For immediate release – April 25, 2016
Contact: Glenn Backes 916-202-2538
Reconsideration Granted – Needs 3 More Votes to Pass
Sacramento—A bill to repeal ineffective and costly sentencing enhancements for prior drug convictions fell short of the votes needed to pass the California State Senate today. It is eligible to be brought up again for consideration in coming days to see if the necessary votes can be garnered.
SB 966, authored by Holly Mitchell of Los Angeles, had strong support from most Democratic Senators, who in debate described it as an issue of racial justice for Latinos and African Americans who are disproportionately targeted for long sentences, even though drug use and drug sale is equally prevalent in all racial and ethnic groups. It was also described as an end to an expensive policy that has failed to effectively deter drug sales or drug use.

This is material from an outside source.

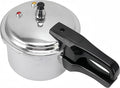 Aluminum Classic Pressure Cooker, 3.2-Quart Aluminium Alloy Mini Pressure Cooker, 18cm Bottom, with Inner Lid Cooker, for Gas Stove, Silver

The bill would maintain the current base penalty for possession for sale of a controlled substance of two to four years, or for sale of a drug, a penalty up to five years. It would repeal the section of code that adds an additional three years for each prior conviction – convictions for which people have already been punished, and result in some people being sentenced to more than ten years in county jail, even though they have no prior convictions.
The bill needs 21 votes to pass the Senate. Today, 18 Democratic Senators voted in favor of the bill. All 14 Republicans and three Democrats opposed.
Five Senators abstained, neither voting Aye nor No: Senator Hertzberg of the San Fernando Valley, Senator Hueso of San Diego & Imperial, Senator Jackson of Santa Barbara, Senator Mendoza of Whittier, and Senator Wolk of Davis/Fairfield.